The scheme - which runs for a month from mid December 2002 until January 6th 2003 - the twelfth night of Christmas - celebrates the completion of a £29 million Kennett & Avon Canal Heritage Lottery Fund Restoration. This began in 1997. Managed by the Kennett & Avon Canal Partnership, it is the final link in the rejuvenation of the historically significant 87-mile waterway, running from Reading in Berkshire to Bath in Avon.
Blinding Light's Patrick Stacey was pleased to take on this unique lighting opportunity. The company designs, supplies and installs equipment to a myriad of lightshows and spectaculars for a variety of events, parties, conferences, TV and exhibitions.

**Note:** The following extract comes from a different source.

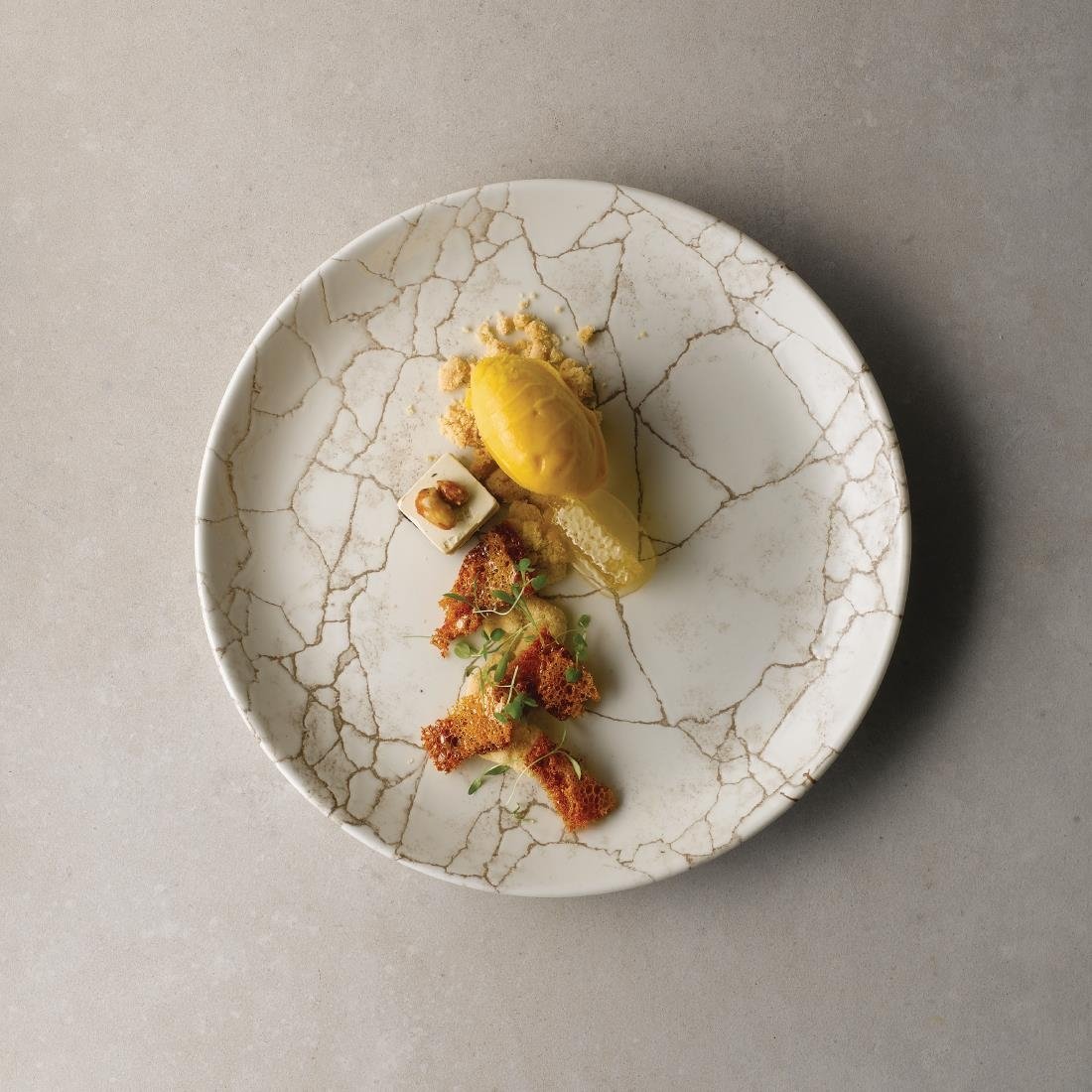 Studio Prints Kintsugi Achatgrauer Coupé-Teller, 217 mm, (12 Stück)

However lighting the Caen Hill Flight was not only a completely different challenge, the project also offered the chance to become a small part of history.
Patrick conducted his first site visit, after which he began the search for compact, controllable, bright and reliable colour changing lighting fixtures. He'd used Studio Due City Colors before, and was impressed with their build quality and performance. This time around, he went to UK distributors Coe-tech in Northampton to look at the Mini City luminaire.

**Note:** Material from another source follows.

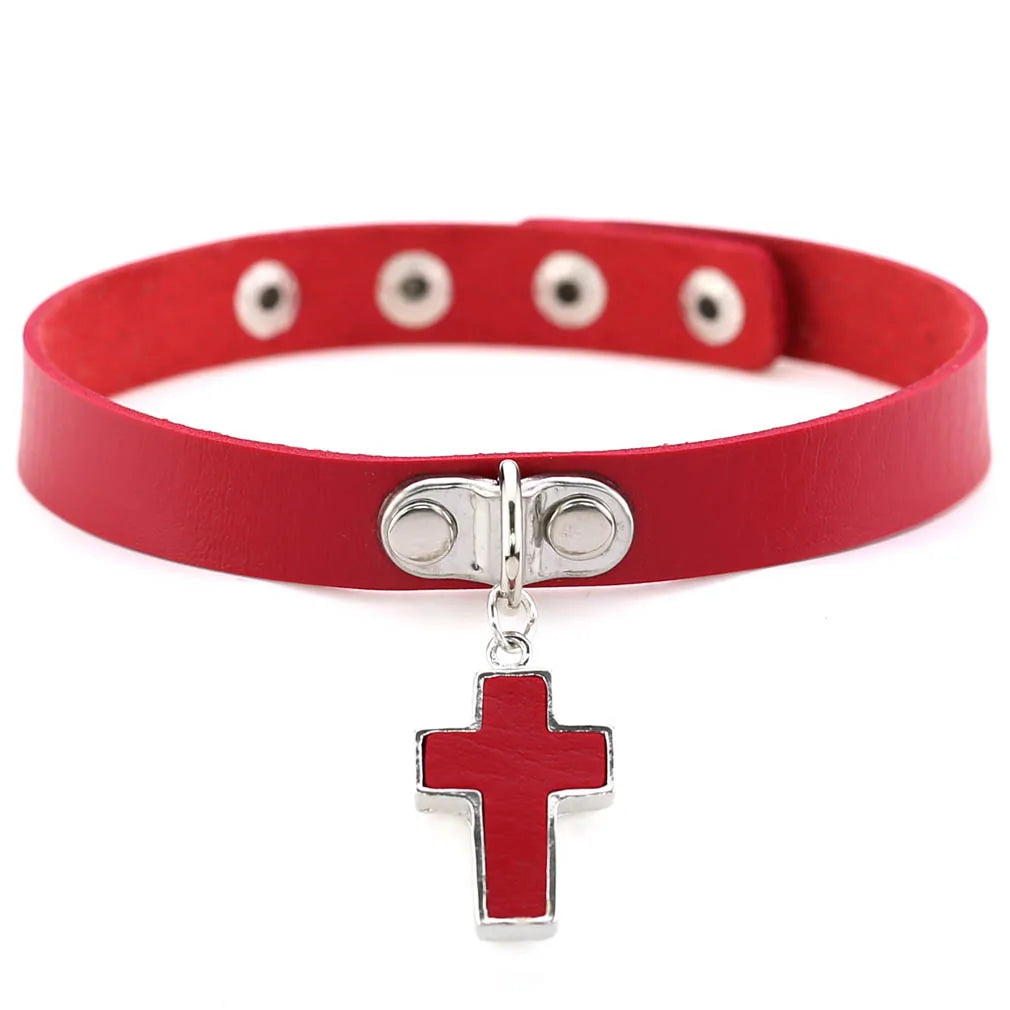 BDSM Punk Black Metal Tassel Red Choker Necklace Sexy Spiked Neck Strap Clavicle Collar Men Necklaces Halloween Women - buysextoyth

Coe-tech supplied a fixture for a test in situ at the locks - "We were the only company who did this" comments Patrick, who also examined other comparable fixtures before deciding on the Mini City's. The test was a great success, and both Patrick and British Waterways were convinced Mini City was the right luminaire for the job.
The duration and nature of the project meant Blinding Light purchased - as opposed to hired - the 16 Mini City's required, so the versatility and potential future use of the fixtures were also a consideration at the outset. Once the Caen Hill illuminations are over, the Mini Cities will be added to Blinding Light's ever-growing rental stock.

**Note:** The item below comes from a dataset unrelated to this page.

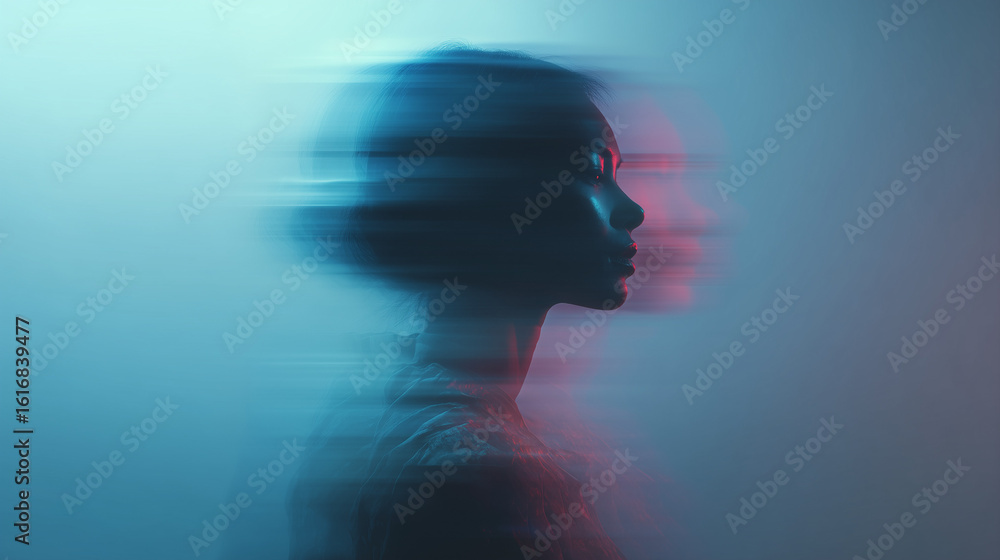 A blurred silhouette of a young woman with short hair against a gradient of blue and red light. The image conveys themes of identity and technology. A blurred silhouette of a young woman with short hair against a gradient of blue and red light. The image conveys themes of identity and technology.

At Caen Hill, the Mini Cities are located at the side of the towpath - one illuminating the front of each lock. They are encased in special steel lighting hides, each with two toughened Perspex windows, and also containing a 400-Watt sodium flood. The sodium casts a subtle, eerie, glow across the lock basins on the opposite side of the Flight. This contrasts sharply with the crisp, vital, colouration of the locks themselves, bathed in Mini City beams.
The steel hides were designed by Blinding Light Ltd and fabricated by M W Metal works in Reading. They are weather and vandal-proof, and are fixed into the ground with metre-long metal stakes. There is no security along the towpath for the duration of the installation, so this element was crucial.
All 16 Mini Cities and sodium floods are controlled from a single DMX line that runs from the bottom of the Locks to the Compulite Sparktop lighting desk, located in the lock-keeper's cottage - at the top of the Flight.
The DMX signal is buffered and amplified as it runs up the locks, and power is sourced from a generator sited at the top of the Flight. The armoured power cable, which feeds all the fixtures, had to be of a certain grade to minimise voltage drop over the half mile run. Blinding Light bought both the DMX and armoured cable from TMB who came up with an excellent deal.
All the site work necessary for the installation, including digging trenches, running cables etc., was undertaken by British Waterways personal, working closely with the Blinding Light install team.
The lightshow runs from 4 - 9 p.m. every day except Christmas Day. The Sparktop was programmed by Andrew Harris and operated by him and other members of the Blinding Light crew, Dave Allen, Ian Grant and Patrick Stacey.